Ma se operiamo su rappresentazioni mal costruite, con scarsa risoluzione o obsolete di come funziona il mondo e di quali siano la nostra posizione, le nostre relazioni e le opportunità all’interno di quel mondo, allora le nostre capacità di organizzarci in modo efficace vacilleranno. E questo è attualmente un problema serio per chiunque speri di dedicarsi a mantenere vive le libertà umane fondamentali.
Sta diventando sempre più evidente che un sottogruppo estremamente ristretto di persone altamente organizzate con accesso alla maggior parte delle risorse mondiali sta cercando di monopolizzare le infrastrutture e la cultura della società. Come quei bambini che cooptano un gioco di gioco-finzione, conferendo a se stessi super forza e poteri magici mentre mantengono o trattengono questi tratti quando si tratta di altri, queste fazioni hanno cooptato i nostri paesaggi di modellazione sociale, a scapito del maggioranza e a proprio vantaggio.

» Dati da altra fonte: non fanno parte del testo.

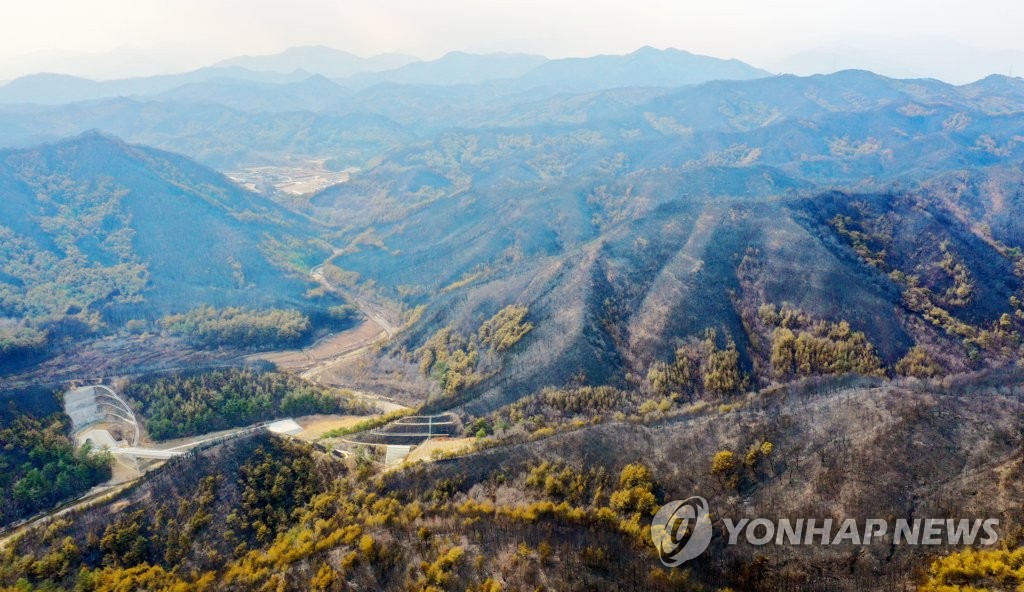 푸른 숲 어디로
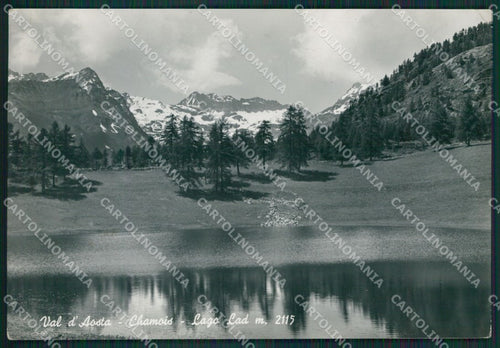 Aosta Chamois Lago Lad Foto FG cartolina KV7052 – fronte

Facilitano il trasferimento di informazioni e la capacità di organizzazione di alto livello tra di loro, mentre mantengono o chiudono queste opportunità sociali per altri. Usano la nostra infrastruttura di narrazione sociale per creare fiducia con le stesse persone che parassitano, abusano e sfruttano, diffamando coloro che mirano a lanciare l’allarme contro di loro. I nostri modelli – la fonte stessa della nostra capacità unicamente umana di coordinamento sociale su larga scala – si stanno rivoltando contro di noi, e in modo magistrale.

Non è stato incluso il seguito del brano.